**TASK OBJECTIVE**: Pictures in the entries below are to be left out; otherwise, reproduce exactly the lines from the first through the line containing "MilenaSaint online show from 02.08.25".

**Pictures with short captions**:
'''
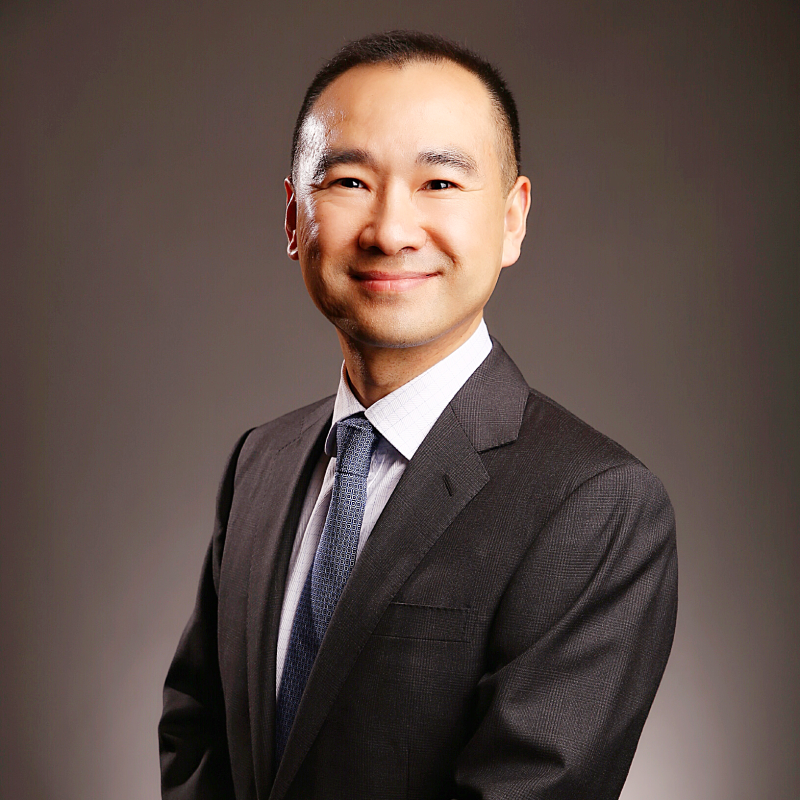Prof. Roy Liang TAN's portfolio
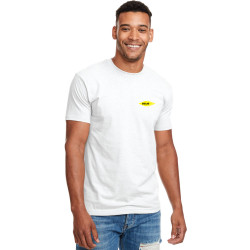 T-Shirts doux 60/40 Next...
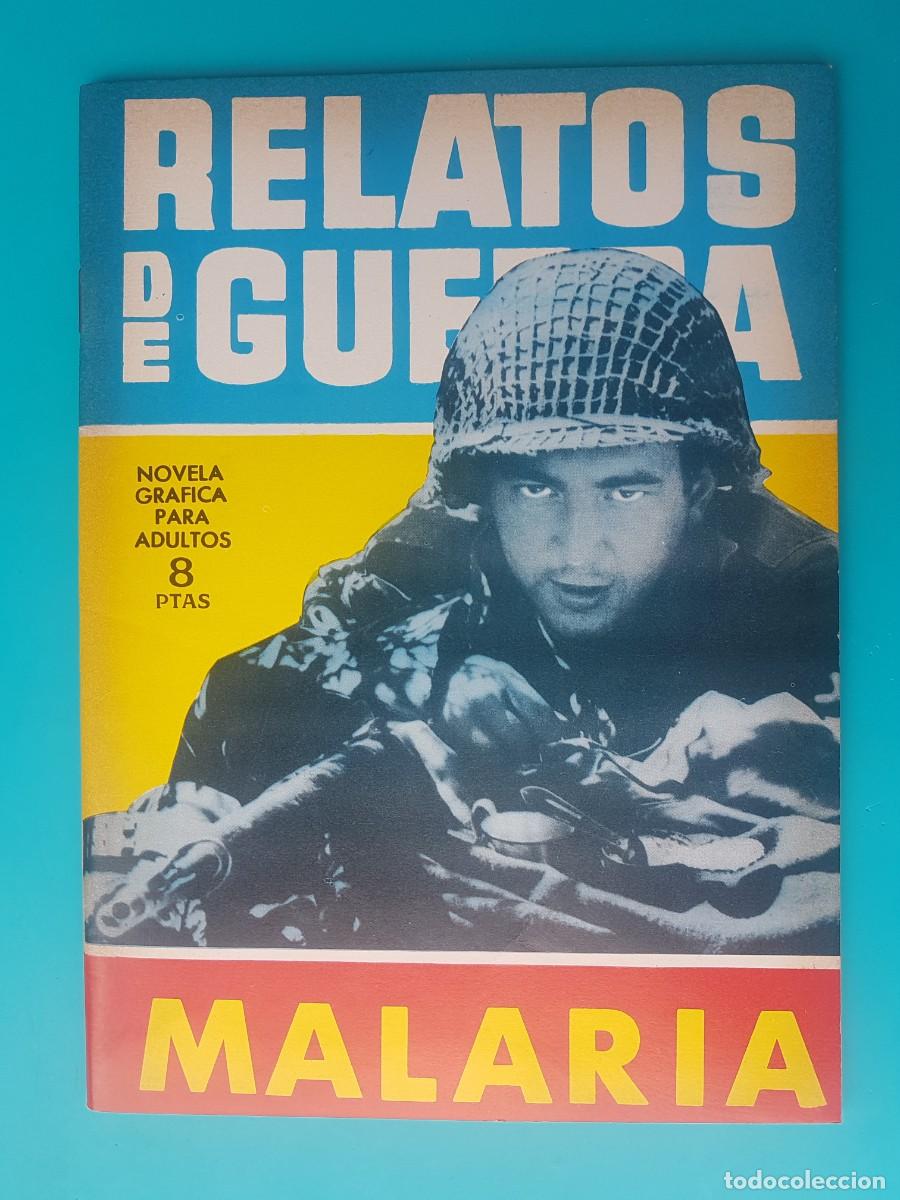 Tebeos: Relatos de guerra, 111 (Toray) - Foto 1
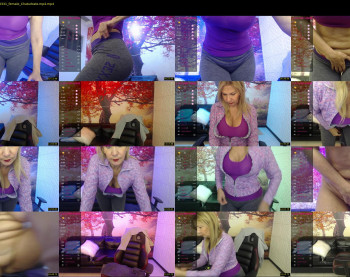 cristal_ayala — 38 minute Chaturbate female cam show recording, 1080p, Dec 29, 2022
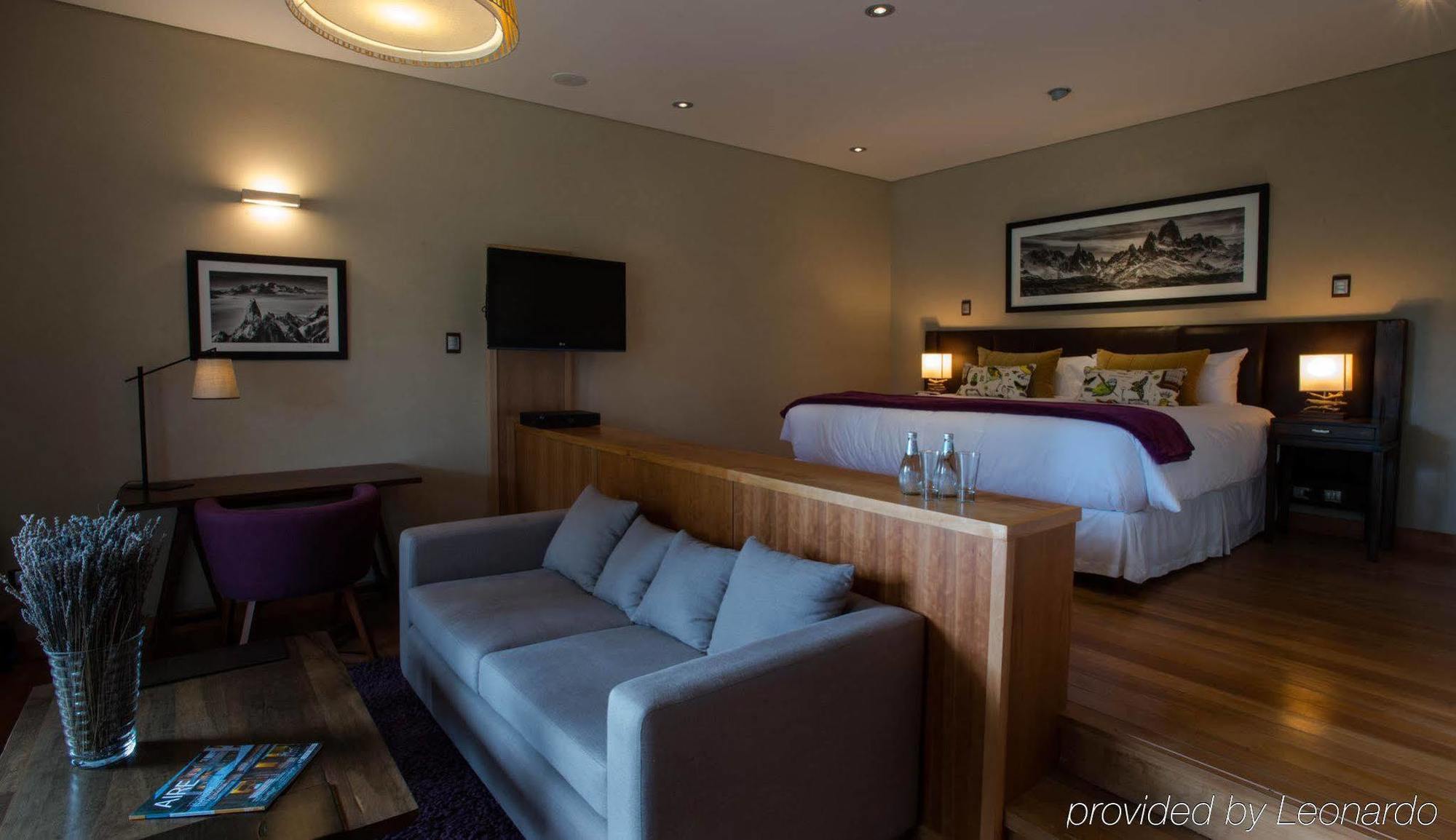 Uman Lodge Patagonia Chile Футалеуфу Екстер'єр фото
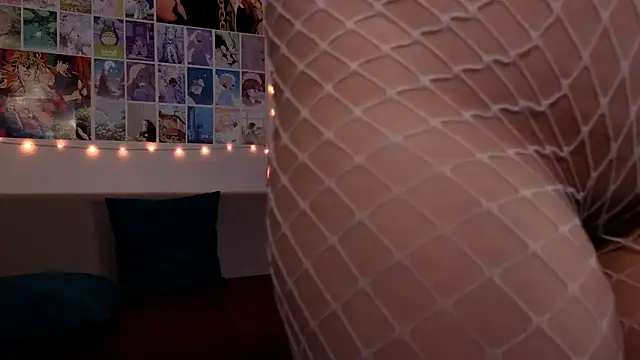 MilenaSaint online show from 02.08.25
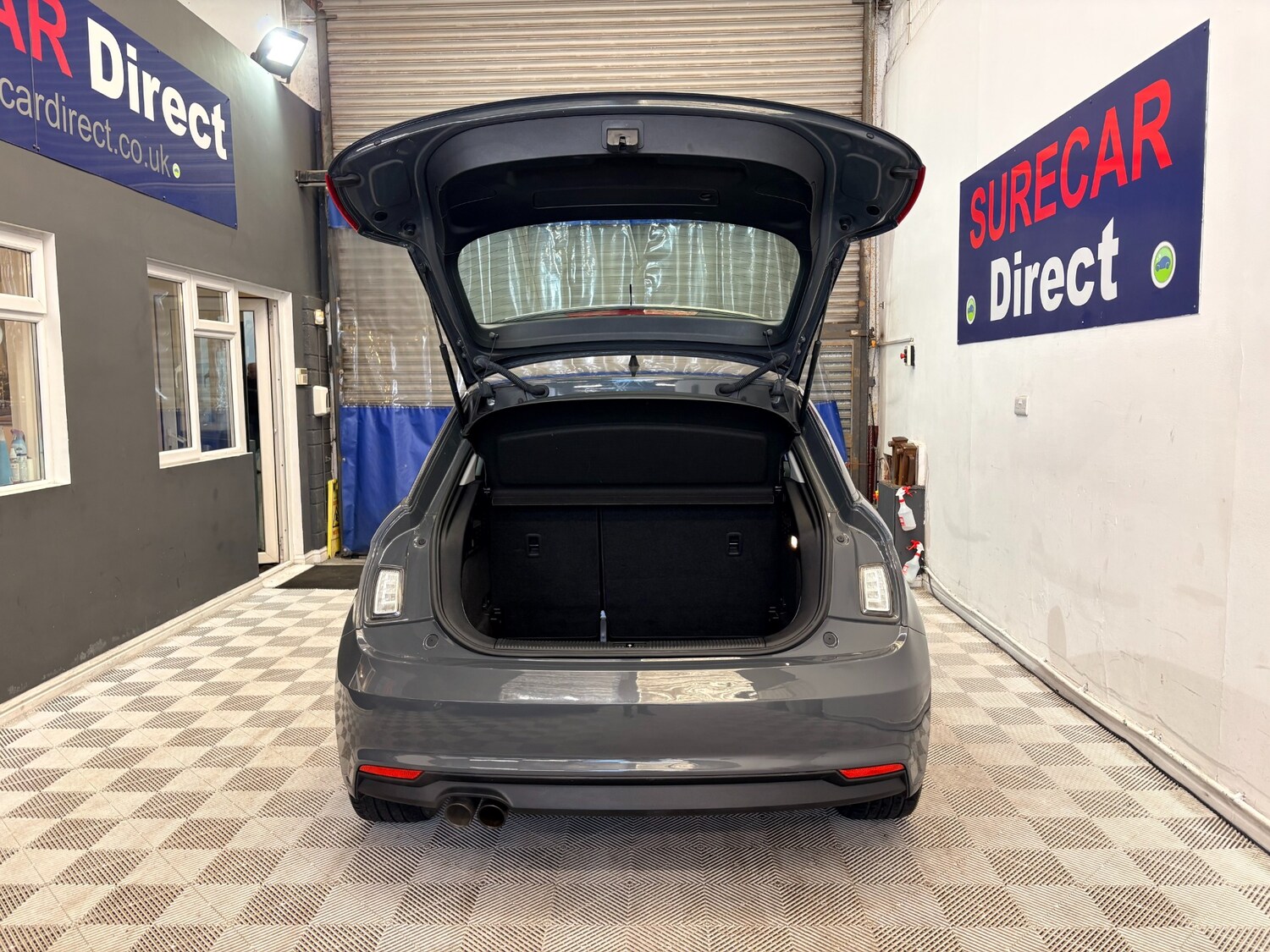 Used Audi A1 2016 for sale - 78108814: Photo 19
'''
**REPLY TO THE TASK**:
Prof. Roy Liang TAN's portfolio
 T-Shirts doux 60/40 Next...
 Tebeos: Relatos de guerra, 111 (Toray) - Foto 1
 cristal_ayala — 38 minute Chaturbate female cam show recording, 1080p, Dec 29, 2022
 Uman Lodge Patagonia Chile Футалеуфу Екстер'єр фото
 MilenaSaint online show from 02.08.25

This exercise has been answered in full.